Both ballads and blues made good grist for Weldon’s vocal mill. The statuesque singer, who wore a violet gown with sequined sash and black beaded borders, has been gifted with a dynamic alto voice that can recall the considerable power and luxuriant tonal timbre of the great Dinah Washington.
Weldon could sing quite softly and not lose an iota of her resonance, as she did on some phrases of “Don’t Misunderstand” and “Just for a Thrill.” But when she let loose and really nailed a note--as in her ending phrases on “Try My Lovin’ One More Time”--her sound swelled magnificently, rarely losing its grandness and growing brittle.
She was also rhythmically sure-footed, hitting some phrases so crisply you’d think she also played the drums. This rhythmic acumen allowed her to improvise with a tune’s lyrics, shift her rhythmic course a tad and then always find her way back home.
Weldon exhibited most of her skills, particularly her facility for embellishing a lyric, on one of her ballad favorites, “My Romance.” The Richard Rodgers-Lorenz Hart standard is from the 1935 Broadway musical “Jumbo,” a show that produced another evergreen--”The Most Beautiful Girl in the World.”
Doing the tune at a slow gait, the artist took the words of the title on the second chorus and sang “My” with five descending tones, where Rodgers wrote one. Later, on the lyric “I don’t need a castle rising in Spain,” she took the word “rising” and stretched it out over several beats, as if it were made of rubber.
She closed the number with a boisterous crescendo, singing the penultimate lyric--”My romance doesn’t need a thing”--as written, then nudged it up a half step, then brought it back to its original position. Weldon wailed out the final words, “But you,” hitting the “oooo” echo five or six times as the band added flourishes behind her.
The blues, either in its distinct 12-bar form or in musical spirit, kept popping up like a jack-in-the-box. “That’s Life” was done as if it were a blues tune. Weldon ended it with the words, “Yeah, yeah, that’s life . . . all right,” singing them Ray Charles-like and with consummate blues feeling. “Your Place or Mine” was 12-bar blues, and here the vocalist swung hard, using body inflections as well as her voice to make her points.

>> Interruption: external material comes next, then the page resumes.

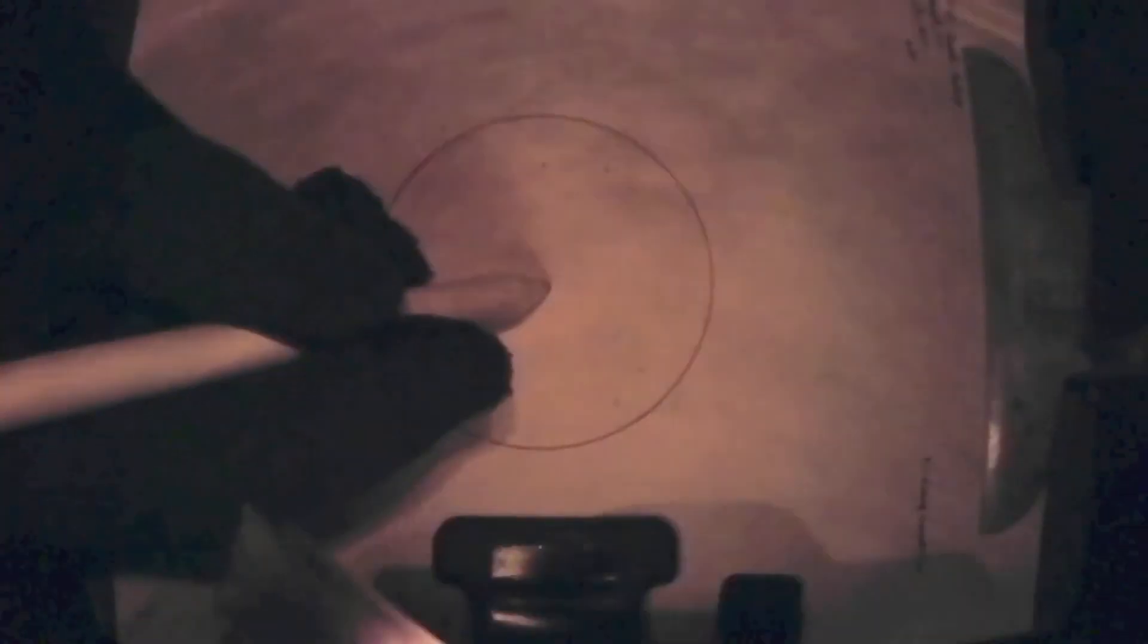This galaxy pops out in the eyepiece and doesn't require any averted vision to see it in my telescope. I could even make out the dust lane across the central bulge of the galactic core. I marked off the Needle Galaxy with a 2B pencil to not make it too bright on the sketch.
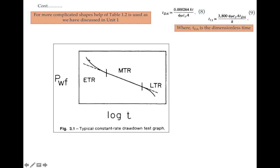In Figure 3.1, you can see the early time data of the drawdown testing, which is actually not useful and is distorting the middle time region. The middle time region has to be identified for knowing different reservoir properties. The late time region is actually telling about the boundaries and various reservoir heterogeneities.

Weldon has expressed a fondness for country music, but at the Lido she limited that genre to a pair of selections, though both were telling.

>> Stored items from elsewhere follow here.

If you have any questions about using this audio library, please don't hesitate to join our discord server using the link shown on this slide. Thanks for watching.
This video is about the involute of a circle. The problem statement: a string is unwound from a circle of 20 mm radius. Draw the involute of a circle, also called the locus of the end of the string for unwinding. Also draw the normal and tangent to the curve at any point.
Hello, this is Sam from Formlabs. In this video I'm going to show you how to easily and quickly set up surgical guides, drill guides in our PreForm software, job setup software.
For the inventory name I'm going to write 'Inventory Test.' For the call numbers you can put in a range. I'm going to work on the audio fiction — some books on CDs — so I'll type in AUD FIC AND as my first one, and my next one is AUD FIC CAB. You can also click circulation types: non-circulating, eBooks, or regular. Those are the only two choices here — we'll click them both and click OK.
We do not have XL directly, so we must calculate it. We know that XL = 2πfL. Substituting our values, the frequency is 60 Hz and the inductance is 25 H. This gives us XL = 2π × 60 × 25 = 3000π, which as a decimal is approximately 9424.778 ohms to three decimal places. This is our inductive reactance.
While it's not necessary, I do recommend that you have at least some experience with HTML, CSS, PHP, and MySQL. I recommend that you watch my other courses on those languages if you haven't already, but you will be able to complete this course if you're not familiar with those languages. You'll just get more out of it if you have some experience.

“Can’t Help Falling in Love With You,” which Elvis Presley took to No. 2 on the Billboard Pop charts in 1961, was done at a crawl and oozed over with feeling. As Weldon has said, there’s a thin line between country music and blues, and her rendition proved the veracity of that remark.
Weldon’s band made her sound even better. Hartley, a dynamo at the piano, chose his backing lines with deftness, supporting the singer firmly while adding richness to the presentation. In his solo spots, he played with authenticity and verve. Spears and Rucker acted as the hard-working cogs in this smoothly oiled music machine.

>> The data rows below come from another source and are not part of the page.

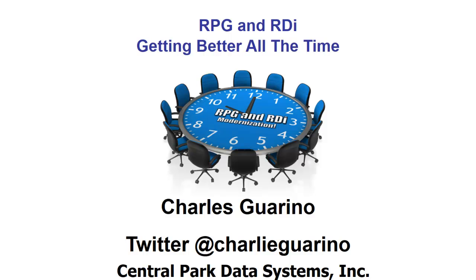Hi everybody, thanks for joining me here today. We're going to talk about RPG and RDI really just from the last five years perspective. IBM has made considerable upgrades and improvements to both the RPG language and RDI in general, and they really are getting better all the time.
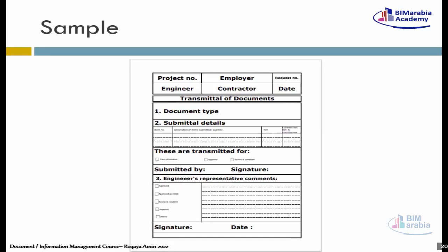هبتدي أروح أسلّمه للـ Document Control بتاع الاستشاري. لما الـ Document Control يستلمها، أول حاجة بتوقع عينه عليها هي الـ Serial Number. يبتدي - هل الـ Serial Number ده آخر سيريال هو بعده؟ يعني لو أنا مستلمت رقم خمسة من يومين تلاتة، هل ده رقمه ستة؟ والـ Revision بتاعه مظبوط ولا لأ؟ هل أنا استلمت الـ Document ده قبل كده ولا لأ؟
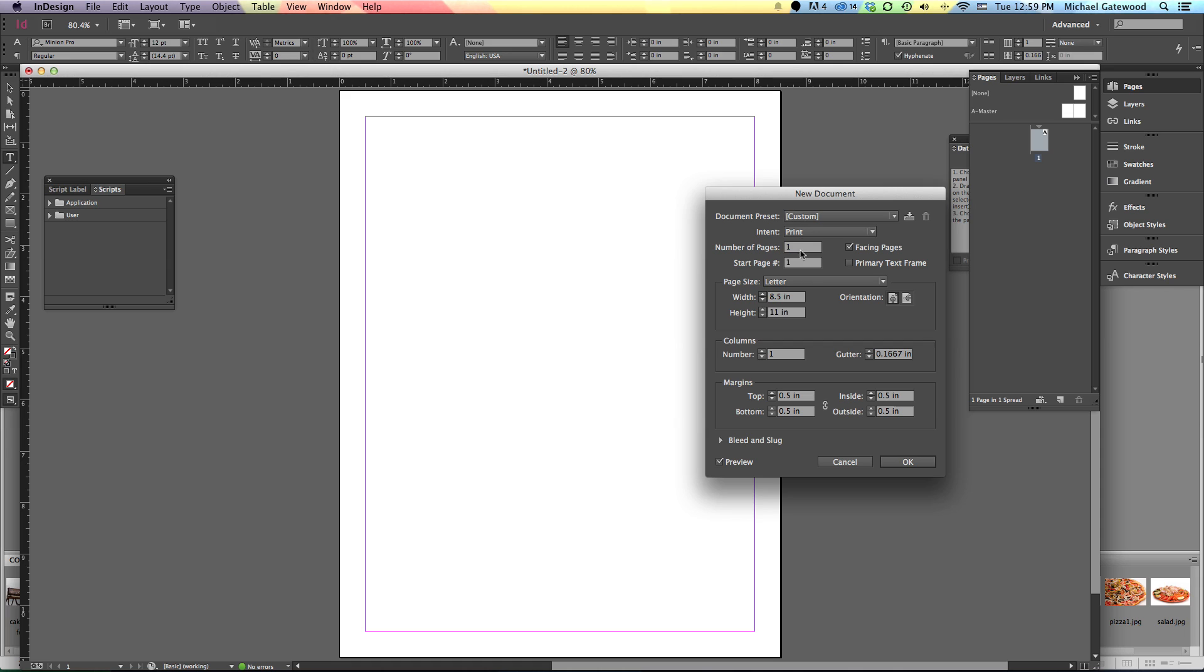We have one page set up on this particular document, and if we want to, we can set up facing pages if we choose to create a document that'll be collated later.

If there was any drawback to Weldon’s performance, it was an excess of her chief asset--impact--and a shortage of subtlety. “Just for a Thrill,” done in a tender, touching way, made up partly for this lack, as did portions of “Can’t Help Falling in Love.” But she would be wise to trust her instrument, and her sense of emotion, and take it easy for at least a couple of tunes a set. The relaxation would be welcome.